• Assignment: Write out exactly the lines below that run from the line containing "Sinus Pro 550" through the last line of the records.

= = = = =

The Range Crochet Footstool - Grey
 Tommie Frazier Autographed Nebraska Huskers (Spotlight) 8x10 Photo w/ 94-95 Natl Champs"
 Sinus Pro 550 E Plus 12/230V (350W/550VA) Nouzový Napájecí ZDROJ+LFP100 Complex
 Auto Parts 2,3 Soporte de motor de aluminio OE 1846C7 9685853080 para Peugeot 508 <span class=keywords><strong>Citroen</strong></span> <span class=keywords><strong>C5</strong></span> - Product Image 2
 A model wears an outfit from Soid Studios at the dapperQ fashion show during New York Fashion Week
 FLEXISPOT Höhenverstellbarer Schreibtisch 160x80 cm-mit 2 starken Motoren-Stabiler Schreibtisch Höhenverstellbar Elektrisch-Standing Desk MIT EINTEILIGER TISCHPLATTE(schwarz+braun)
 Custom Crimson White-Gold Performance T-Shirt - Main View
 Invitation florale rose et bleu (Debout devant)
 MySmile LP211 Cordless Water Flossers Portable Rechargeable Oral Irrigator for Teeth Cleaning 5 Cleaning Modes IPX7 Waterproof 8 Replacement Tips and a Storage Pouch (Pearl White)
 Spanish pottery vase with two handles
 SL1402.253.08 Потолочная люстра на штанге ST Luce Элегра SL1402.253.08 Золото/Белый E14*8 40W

= = = = =

• Task response:
 Sinus Pro 550 E Plus 12/230V (350W/550VA) Nouzový Napájecí ZDROJ+LFP100 Complex
 Auto Parts 2,3 Soporte de motor de aluminio OE 1846C7 9685853080 para Peugeot 508 <span class=keywords><strong>Citroen</strong></span> <span class=keywords><strong>C5</strong></span> - Product Image 2
 A model wears an outfit from Soid Studios at the dapperQ fashion show during New York Fashion Week
 FLEXISPOT Höhenverstellbarer Schreibtisch 160x80 cm-mit 2 starken Motoren-Stabiler Schreibtisch Höhenverstellbar Elektrisch-Standing Desk MIT EINTEILIGER TISCHPLATTE(schwarz+braun)
 Custom Crimson White-Gold Performance T-Shirt - Main View
 Invitation florale rose et bleu (Debout devant)
 MySmile LP211 Cordless Water Flossers Portable Rechargeable Oral Irrigator for Teeth Cleaning 5 Cleaning Modes IPX7 Waterproof 8 Replacement Tips and a Storage Pouch (Pearl White)
 Spanish pottery vase with two handles
 SL1402.253.08 Потолочная люстра на штанге ST Luce Элегра SL1402.253.08 Золото/Белый E14*8 40W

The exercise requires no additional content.